INSTRUCTIONS TO FOLLOW: Set down every entry exactly as it stands, omitting any picture.

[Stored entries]

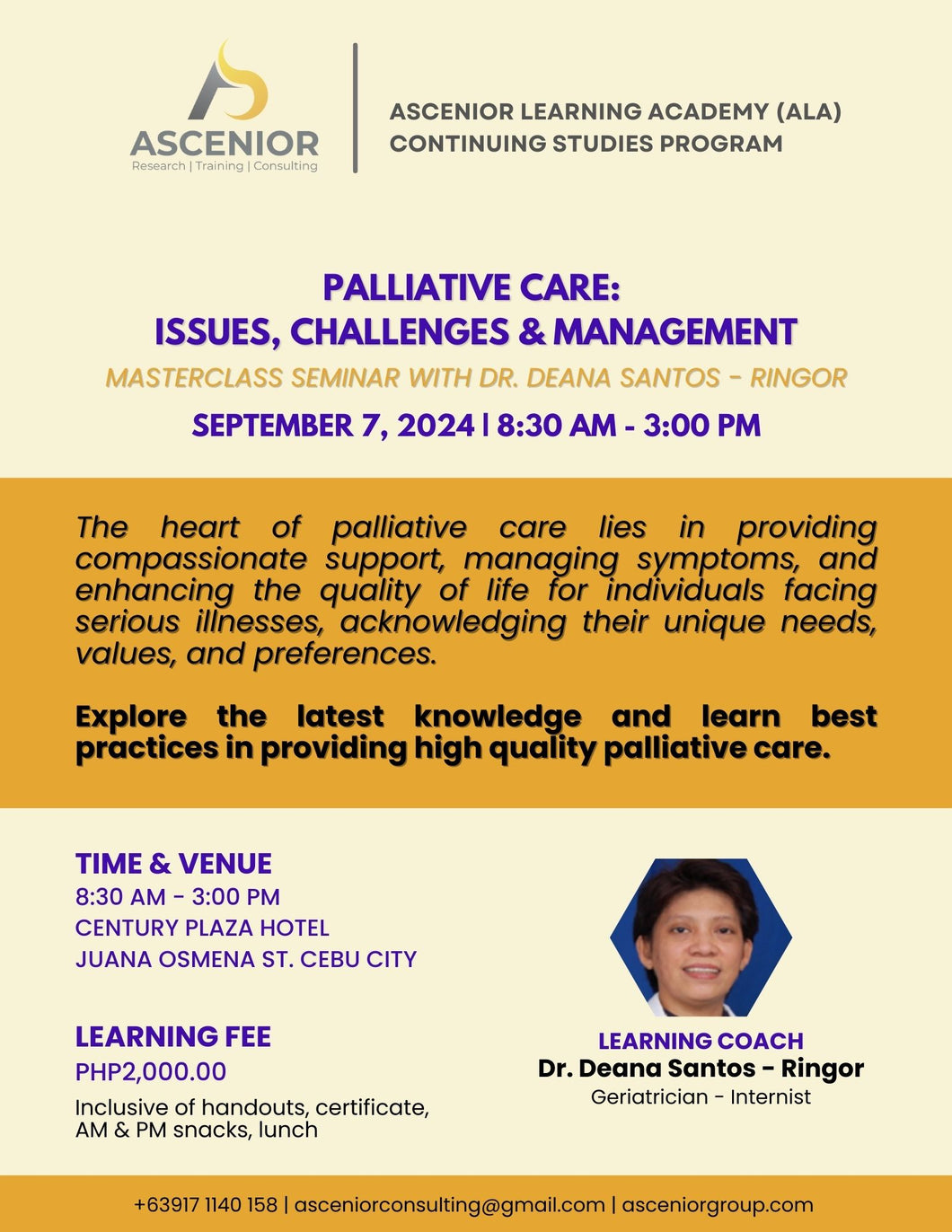 Palliative Care: Issues, Challenges & Management | September 7 (In-person seminar) | Cebu City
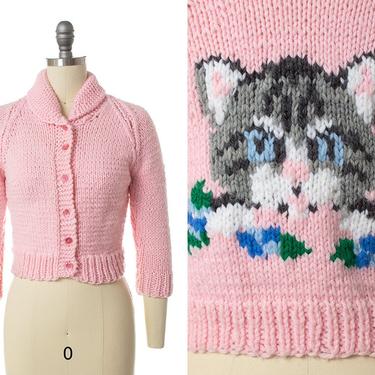 Vintage 1950s Cardigan | 50s Cat Novelty Print Pink Knit Wool Cropped Cowichan Sweater (x-small/small) 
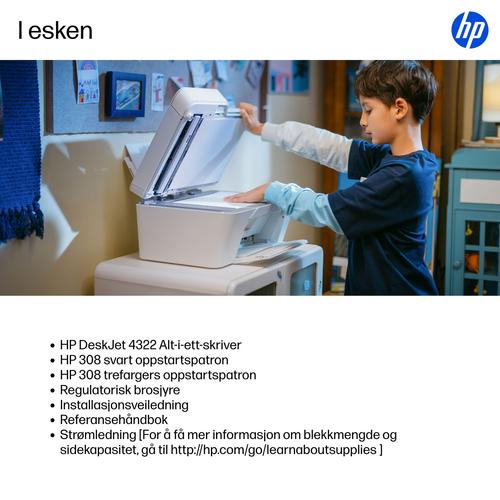 HP DeskJet 4322 Draadloos All-in-One Kleur Printer - Image 8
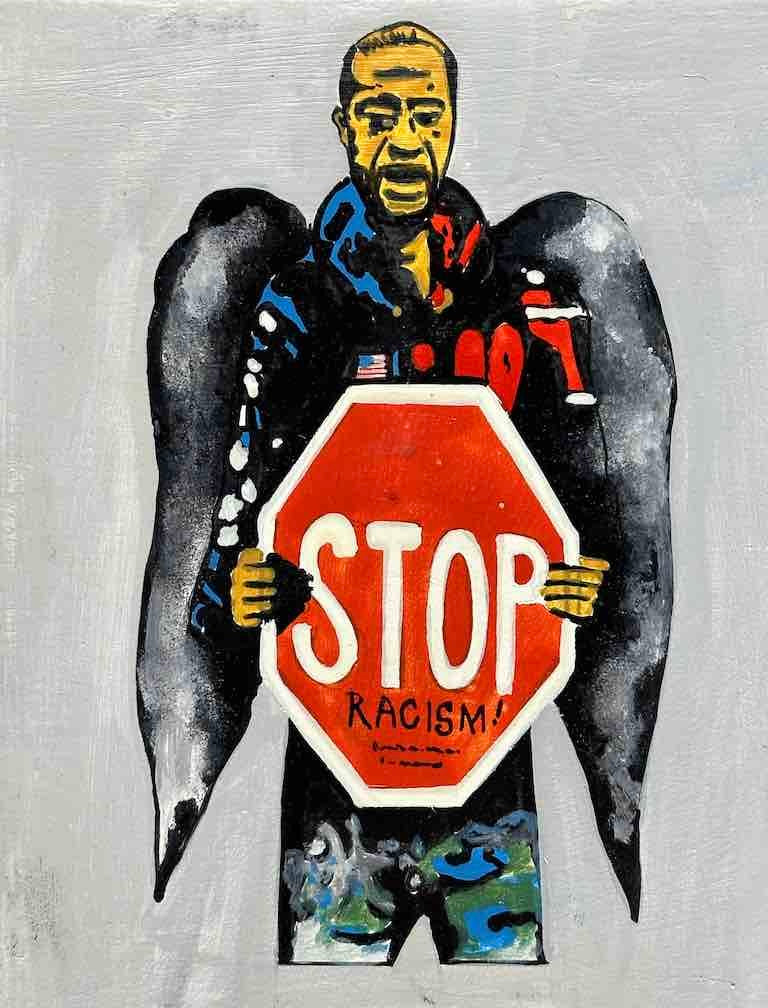 Original Small Black Lives Matter Theme Painting on Wood from Togo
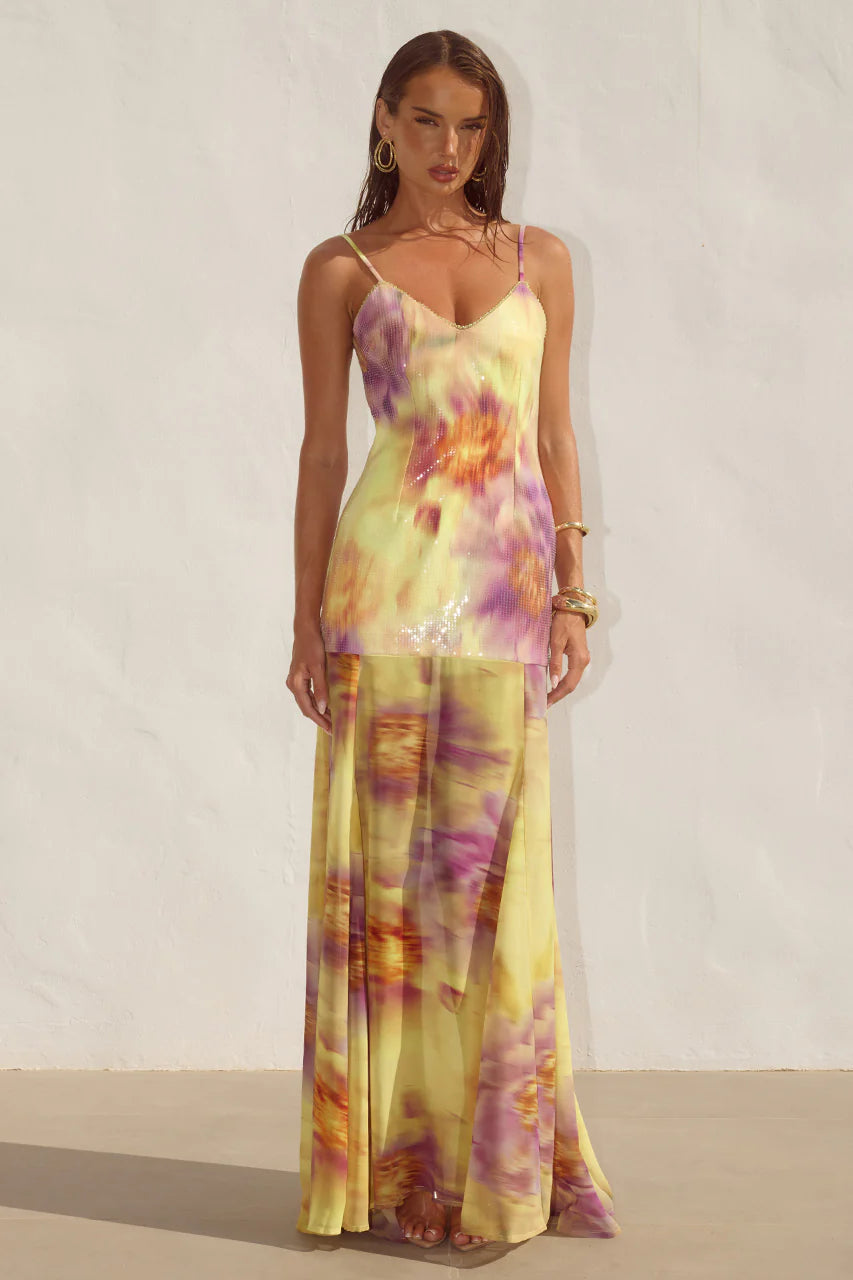 Tulia Suri Yellow Sequin Maxi Dress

COMPLETED EXERCISE:
 Palliative Care: Issues, Challenges & Management | September 7 (In-person seminar) | Cebu City
 Vintage 1950s Cardigan | 50s Cat Novelty Print Pink Knit Wool Cropped Cowichan Sweater (x-small/small) 
 HP DeskJet 4322 Draadloos All-in-One Kleur Printer - Image 8
 Original Small Black Lives Matter Theme Painting on Wood from Togo
 Tulia Suri Yellow Sequin Maxi Dress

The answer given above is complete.